• What needs to be done: In the entries below, find the line containing "Dentists may also" and the line containing "As the old saying". Copy those two lines and everything between them exactly, without the pictures.

• Data excerpts:

——————

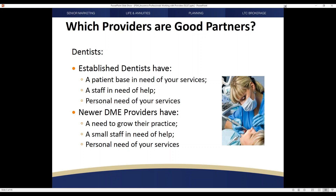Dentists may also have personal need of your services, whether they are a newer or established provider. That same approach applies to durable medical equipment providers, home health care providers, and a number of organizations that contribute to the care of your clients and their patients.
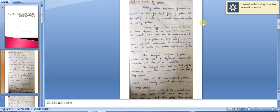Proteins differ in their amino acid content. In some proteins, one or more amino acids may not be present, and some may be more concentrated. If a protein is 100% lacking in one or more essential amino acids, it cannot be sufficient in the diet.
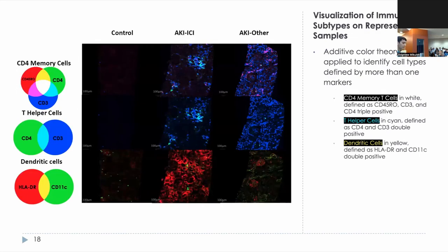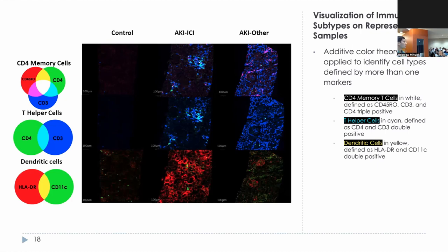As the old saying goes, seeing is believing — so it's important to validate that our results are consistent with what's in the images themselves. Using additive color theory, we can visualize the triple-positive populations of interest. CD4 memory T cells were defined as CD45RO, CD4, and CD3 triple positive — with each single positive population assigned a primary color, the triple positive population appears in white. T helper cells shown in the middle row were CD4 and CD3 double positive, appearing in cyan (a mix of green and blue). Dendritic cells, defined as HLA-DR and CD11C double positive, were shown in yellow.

——————

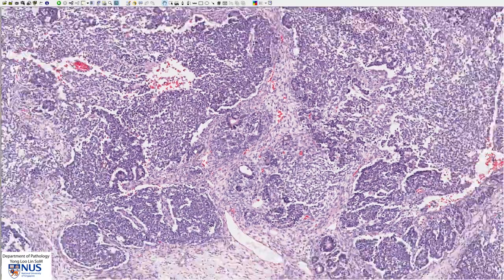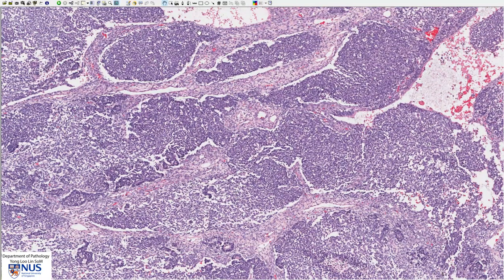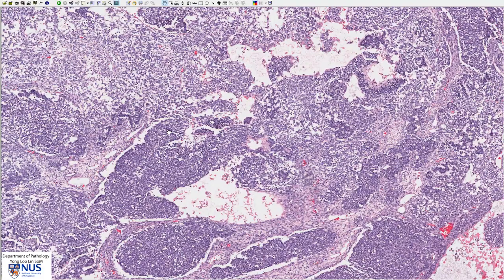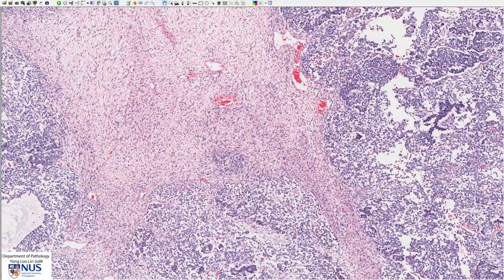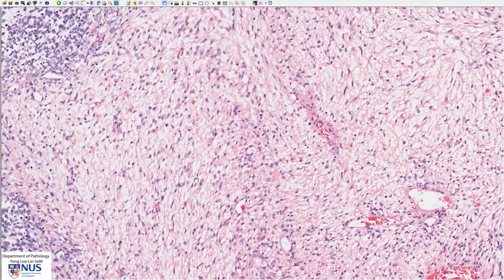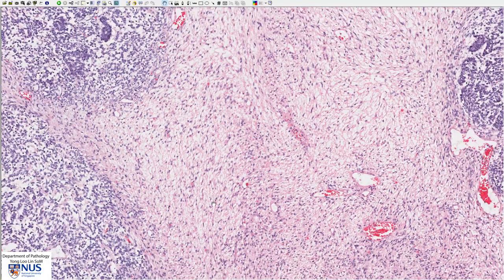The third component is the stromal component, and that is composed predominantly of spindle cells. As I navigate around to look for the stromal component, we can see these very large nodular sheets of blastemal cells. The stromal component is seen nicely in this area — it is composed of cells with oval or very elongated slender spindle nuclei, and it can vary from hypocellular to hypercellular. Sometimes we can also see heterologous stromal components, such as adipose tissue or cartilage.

——————

• Result of the task:
Dentists may also have personal need of your services, whether they are a newer or established provider. That same approach applies to durable medical equipment providers, home health care providers, and a number of organizations that contribute to the care of your clients and their patients.
Proteins differ in their amino acid content. In some proteins, one or more amino acids may not be present, and some may be more concentrated. If a protein is 100% lacking in one or more essential amino acids, it cannot be sufficient in the diet.
As the old saying goes, seeing is believing — so it's important to validate that our results are consistent with what's in the images themselves. Using additive color theory, we can visualize the triple-positive populations of interest. CD4 memory T cells were defined as CD45RO, CD4, and CD3 triple positive — with each single positive population assigned a primary color, the triple positive population appears in white. T helper cells shown in the middle row were CD4 and CD3 double positive, appearing in cyan (a mix of green and blue). Dendritic cells, defined as HLA-DR and CD11C double positive, were shown in yellow.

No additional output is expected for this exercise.